Remember the Osprey? These guys?
Well, I borrowed them to a good friend & coworker last week. He's a good fellow when it comes to how he treats his & his friend's possessions. While I definitely don't think he had them dimed, tonight his receiver went bzzzt with a puff of smoke. Closer inspection revealed some burn marks on a part of the PCB that had FR-CH silk-screened. Ooof.
He said today at work that it had been acting kinda funny over the weekend--the receiver kept powering off. I never really thought of these speakers as a low impedance load to trigger amp protection, so we collectively wondered if the amp were dirty, and this was thermal protection. His cat DOES like to sit on top of it. But before he had a chance to open it up for cleaning, it gave up the ghost. Turns out it wasn't even that dusty inside.
He's got (or had) the Denon x3700. I've got the x3800--so the next revision, but with an amp section that Amir@ASR measured to behave a lot like the x3700. I can tell you that I have most certainly run these speakers in my living room at 95dB at the listening position for 10+ minutes at a time. Like a rented mule, I'm saying, and my Denon never batted an eye.

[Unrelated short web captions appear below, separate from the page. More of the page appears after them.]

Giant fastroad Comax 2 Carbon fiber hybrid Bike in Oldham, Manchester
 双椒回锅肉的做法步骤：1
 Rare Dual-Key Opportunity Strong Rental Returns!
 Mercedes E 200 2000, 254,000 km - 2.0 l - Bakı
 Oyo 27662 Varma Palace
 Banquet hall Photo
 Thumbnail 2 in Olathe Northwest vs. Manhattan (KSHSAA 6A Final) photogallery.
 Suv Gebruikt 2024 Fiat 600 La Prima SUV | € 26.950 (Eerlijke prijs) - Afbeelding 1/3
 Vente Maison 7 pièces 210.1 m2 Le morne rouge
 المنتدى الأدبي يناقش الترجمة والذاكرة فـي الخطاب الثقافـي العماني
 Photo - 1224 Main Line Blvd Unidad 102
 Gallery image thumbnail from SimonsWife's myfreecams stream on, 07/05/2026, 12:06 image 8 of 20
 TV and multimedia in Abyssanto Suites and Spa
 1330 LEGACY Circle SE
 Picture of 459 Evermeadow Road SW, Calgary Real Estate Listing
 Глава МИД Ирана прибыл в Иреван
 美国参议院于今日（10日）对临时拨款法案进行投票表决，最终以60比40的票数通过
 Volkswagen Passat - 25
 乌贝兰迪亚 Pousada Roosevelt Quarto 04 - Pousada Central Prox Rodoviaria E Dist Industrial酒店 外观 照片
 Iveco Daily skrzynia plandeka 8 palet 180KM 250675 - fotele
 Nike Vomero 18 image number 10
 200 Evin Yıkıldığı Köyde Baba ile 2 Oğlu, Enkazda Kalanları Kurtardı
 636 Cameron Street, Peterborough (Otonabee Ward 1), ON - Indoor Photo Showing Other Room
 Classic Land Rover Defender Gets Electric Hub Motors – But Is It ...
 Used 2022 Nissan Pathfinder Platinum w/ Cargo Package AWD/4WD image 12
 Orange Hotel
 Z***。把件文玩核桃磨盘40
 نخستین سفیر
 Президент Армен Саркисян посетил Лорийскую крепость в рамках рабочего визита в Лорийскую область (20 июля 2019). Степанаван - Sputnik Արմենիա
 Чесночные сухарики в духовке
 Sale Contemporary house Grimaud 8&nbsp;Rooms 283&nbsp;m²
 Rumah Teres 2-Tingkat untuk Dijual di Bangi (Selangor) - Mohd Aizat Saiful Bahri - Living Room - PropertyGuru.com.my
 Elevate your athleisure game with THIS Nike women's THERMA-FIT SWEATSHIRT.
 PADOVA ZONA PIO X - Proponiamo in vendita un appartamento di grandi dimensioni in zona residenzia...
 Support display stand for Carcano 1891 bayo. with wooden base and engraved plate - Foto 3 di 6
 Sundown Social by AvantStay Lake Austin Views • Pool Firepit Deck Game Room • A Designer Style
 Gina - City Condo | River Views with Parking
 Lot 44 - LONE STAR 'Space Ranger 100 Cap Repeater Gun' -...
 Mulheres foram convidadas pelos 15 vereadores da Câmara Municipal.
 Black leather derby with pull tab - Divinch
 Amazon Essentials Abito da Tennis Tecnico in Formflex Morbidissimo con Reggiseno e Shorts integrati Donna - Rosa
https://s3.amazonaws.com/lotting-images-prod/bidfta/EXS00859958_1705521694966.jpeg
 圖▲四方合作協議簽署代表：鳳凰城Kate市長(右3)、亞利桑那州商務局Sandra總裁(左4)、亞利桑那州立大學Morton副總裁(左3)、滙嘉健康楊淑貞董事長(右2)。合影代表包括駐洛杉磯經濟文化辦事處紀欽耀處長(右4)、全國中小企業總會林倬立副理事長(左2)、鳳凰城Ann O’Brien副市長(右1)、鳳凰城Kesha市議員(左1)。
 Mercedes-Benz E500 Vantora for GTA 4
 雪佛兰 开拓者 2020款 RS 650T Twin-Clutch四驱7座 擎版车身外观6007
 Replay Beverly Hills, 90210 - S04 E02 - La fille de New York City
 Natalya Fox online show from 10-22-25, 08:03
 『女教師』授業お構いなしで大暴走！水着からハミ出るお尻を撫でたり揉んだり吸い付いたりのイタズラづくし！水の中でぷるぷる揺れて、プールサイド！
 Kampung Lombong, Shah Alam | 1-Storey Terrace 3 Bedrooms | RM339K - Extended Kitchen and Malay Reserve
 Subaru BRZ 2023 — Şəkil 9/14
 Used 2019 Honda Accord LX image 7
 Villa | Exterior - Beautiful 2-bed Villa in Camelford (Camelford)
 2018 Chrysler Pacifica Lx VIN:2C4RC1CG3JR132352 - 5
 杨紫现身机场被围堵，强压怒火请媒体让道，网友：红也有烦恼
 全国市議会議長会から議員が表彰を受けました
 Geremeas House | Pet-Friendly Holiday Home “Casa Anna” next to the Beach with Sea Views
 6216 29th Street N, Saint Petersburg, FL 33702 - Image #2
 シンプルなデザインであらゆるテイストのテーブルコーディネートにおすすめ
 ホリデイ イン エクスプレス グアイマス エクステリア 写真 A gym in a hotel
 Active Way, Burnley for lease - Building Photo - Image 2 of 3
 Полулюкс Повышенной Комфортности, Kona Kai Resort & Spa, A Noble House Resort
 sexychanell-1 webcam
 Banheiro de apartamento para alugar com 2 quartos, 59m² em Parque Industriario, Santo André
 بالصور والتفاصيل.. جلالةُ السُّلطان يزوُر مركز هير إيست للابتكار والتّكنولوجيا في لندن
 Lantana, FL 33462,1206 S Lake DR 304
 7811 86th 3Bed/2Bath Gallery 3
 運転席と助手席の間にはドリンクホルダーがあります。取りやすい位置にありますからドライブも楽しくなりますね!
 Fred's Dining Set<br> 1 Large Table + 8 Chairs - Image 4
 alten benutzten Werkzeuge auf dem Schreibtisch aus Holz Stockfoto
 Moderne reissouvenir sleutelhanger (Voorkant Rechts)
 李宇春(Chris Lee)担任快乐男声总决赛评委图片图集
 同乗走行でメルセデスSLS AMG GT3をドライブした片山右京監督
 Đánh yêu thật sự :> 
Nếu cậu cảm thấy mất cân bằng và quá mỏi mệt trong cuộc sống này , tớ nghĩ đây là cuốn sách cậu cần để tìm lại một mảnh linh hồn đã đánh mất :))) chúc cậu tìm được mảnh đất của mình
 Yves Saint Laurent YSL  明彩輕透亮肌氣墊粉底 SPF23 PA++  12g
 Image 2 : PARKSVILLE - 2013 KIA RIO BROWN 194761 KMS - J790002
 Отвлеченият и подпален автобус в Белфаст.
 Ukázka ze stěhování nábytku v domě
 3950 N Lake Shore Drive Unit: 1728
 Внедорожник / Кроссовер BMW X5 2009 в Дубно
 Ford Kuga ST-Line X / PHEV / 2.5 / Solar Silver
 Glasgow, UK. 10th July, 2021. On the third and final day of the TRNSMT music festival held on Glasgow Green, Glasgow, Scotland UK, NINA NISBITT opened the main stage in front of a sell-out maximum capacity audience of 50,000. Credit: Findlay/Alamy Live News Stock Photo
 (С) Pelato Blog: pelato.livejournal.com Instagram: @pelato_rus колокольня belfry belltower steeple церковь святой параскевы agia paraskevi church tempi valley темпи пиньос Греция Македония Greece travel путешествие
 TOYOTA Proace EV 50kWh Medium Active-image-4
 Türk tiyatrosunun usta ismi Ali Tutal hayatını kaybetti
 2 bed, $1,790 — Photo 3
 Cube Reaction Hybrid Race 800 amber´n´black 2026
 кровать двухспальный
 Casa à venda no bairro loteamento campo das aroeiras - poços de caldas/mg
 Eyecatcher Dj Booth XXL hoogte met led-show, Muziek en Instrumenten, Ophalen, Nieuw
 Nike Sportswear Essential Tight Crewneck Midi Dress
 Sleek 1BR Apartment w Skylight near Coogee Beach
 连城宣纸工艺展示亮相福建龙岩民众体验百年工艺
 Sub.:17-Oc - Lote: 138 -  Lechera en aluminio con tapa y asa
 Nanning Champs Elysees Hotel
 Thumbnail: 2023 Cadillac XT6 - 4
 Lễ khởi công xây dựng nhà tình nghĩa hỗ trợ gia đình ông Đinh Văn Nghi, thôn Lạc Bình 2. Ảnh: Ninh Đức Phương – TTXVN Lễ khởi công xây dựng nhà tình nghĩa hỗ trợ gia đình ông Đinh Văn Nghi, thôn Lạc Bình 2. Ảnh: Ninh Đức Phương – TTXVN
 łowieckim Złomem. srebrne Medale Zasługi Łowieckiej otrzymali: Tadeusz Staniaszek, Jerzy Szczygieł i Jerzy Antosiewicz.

Here's the impedance sweep I took shortly before I tossed them in the car and headed to InDIYana last year. See anything that freaks you out?
Comments
No solid state amplifier worth it's salt should have a problem with that load. No amplifier should fail because it was driven hard (it should go into protection mode).
I find most amplifiers run at "max" just fine, they just sound meh (or bad) and don't get any louder. The days of an Ic failing or clipping and sending DC out should be problems engineering has solved. Chances are that amplifier met a natural fate caused by number of heat cycles and hours used. The impedance plot shows the the speaker does not have an internal failure that would cause concern.
It's sad to hear the amplifier died but I don't think there is anyone to blame.
Agree with @kenrhodes
Thanks Ken. That trace was from just after I had completed them. I still want to verify, in situ. I'm heading over to his house with a multimeter and the DATS this weekend. Because if I had overlooked something critical, well, I'd want to make amends and that means second guessing all my decisions so I'm not a shitty friend.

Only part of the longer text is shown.